Weft is a single-file declarative markup language for complete web pages.

It is designed for authors who should not need HTML, CSS, or JS knowledge.

Core goals:

One file equals one page.

Readable as plain text.

Good visual defaults.

No configuration files.

No separate CSS or JS files.

Optional JS injection only for motion effects.


2. Mental Model

Treat Weft as Markdown plus tags.

Content is written first.

Tags annotate visual intent.

The compiler chooses concrete layout and style details.

Weft is not programmable.


3. File Structure

A Weft source file:

Is UTF-8 text.

Uses extension .weft.

Represents exactly one web page.

There are no imports or includes.


4. Metadata

Metadata appears at the top of the file.

Each metadata line begins with @.

Metadata parsing ends when non-metadata content begins.

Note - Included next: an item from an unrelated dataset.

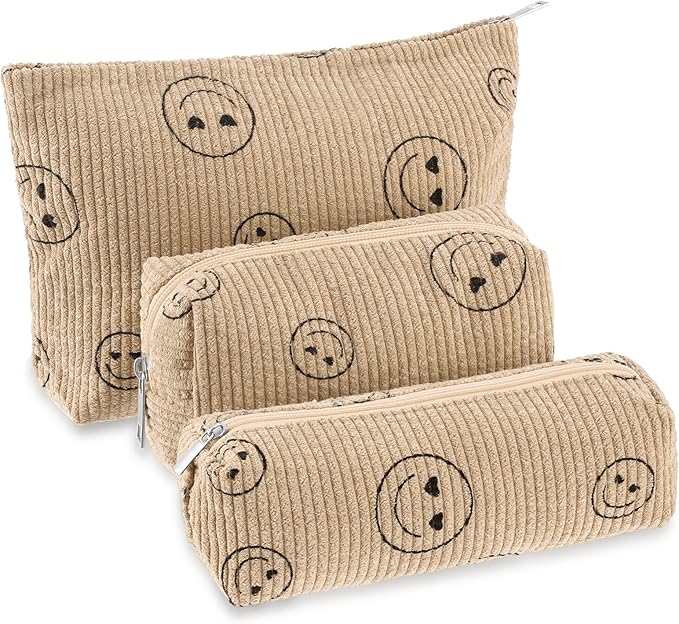Huhumy 3 Pcs Makeup Bag Set for Women Corduroy Cosmetic Pouch Aesthetic Smile Travel Toiletry Bag Cute Purse Pouch Pencil Case Makeup Brushes Storage Organizer with Zipper(Khaki,Smile Face)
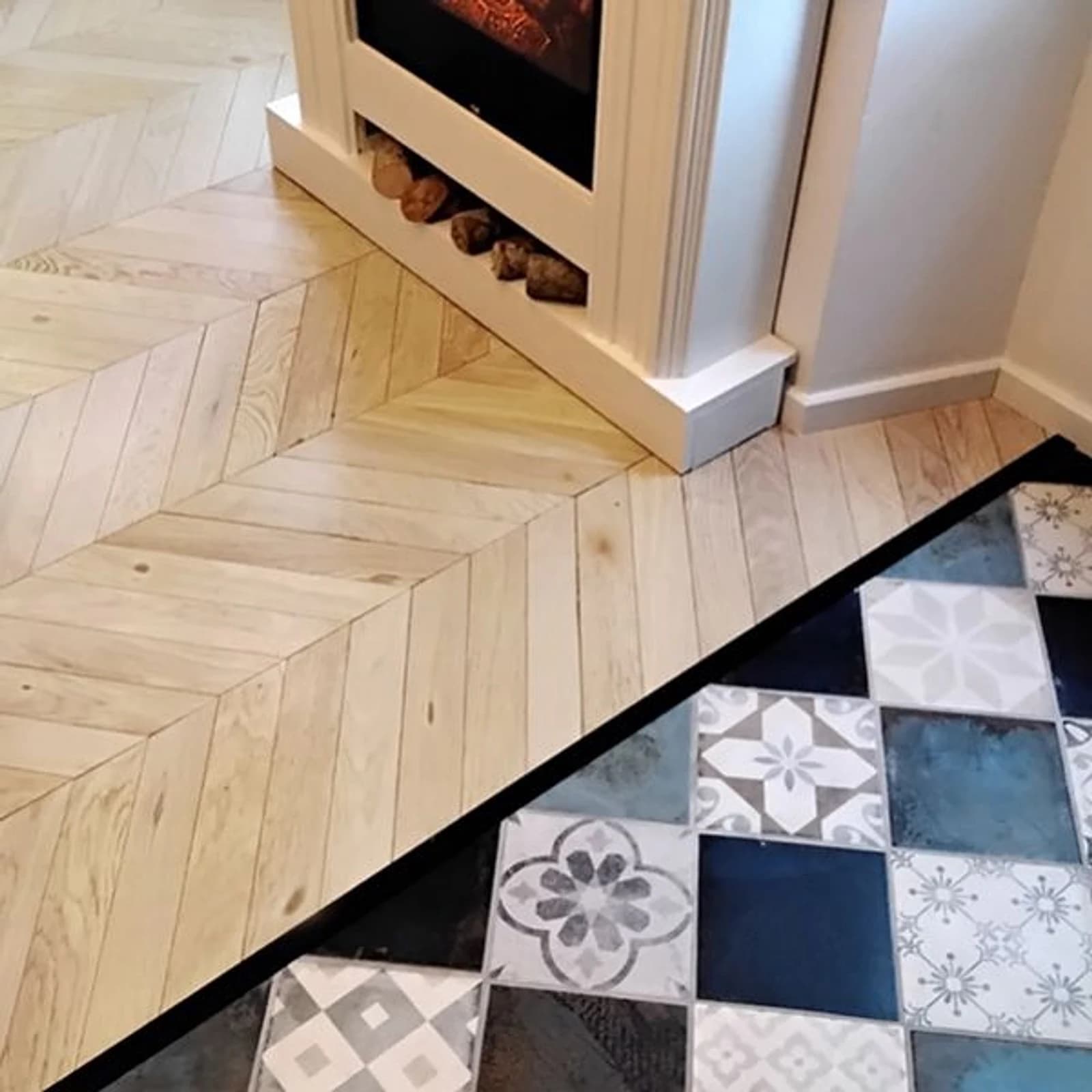 Parquet Chene Massif Point de Hongrie 14mm — Brut Ponce — Format 600x90mm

Unknown keys must be ignored.

@title My Page Title
@desc Short description for SEO
@theme default
@accent blue

Expected output mapping:

@title maps to HTML title.

@desc maps to meta description.

@theme and @accent influence theme variables.


5. Markdown Core

Supported baseline subset:

Headings level 1 through 4.

Paragraphs.

Links in Text form.

Images in !Alt form.

Horizontal rule with ---.

Inline strong using bold.

Inline code using code.

Fenced code blocks using triple backticks.


6. Tags

There are two categories:

Line tags at end-of-line.

Inline tags with open and close markers.

Unknown tags are not interpreted.


7. Line Tags

Example:

# Welcome <center> <glow>
This line is muted <muted>

Rules:

No closing marker is required.

Multiple line tags are allowed.

Tag order is not semantically significant.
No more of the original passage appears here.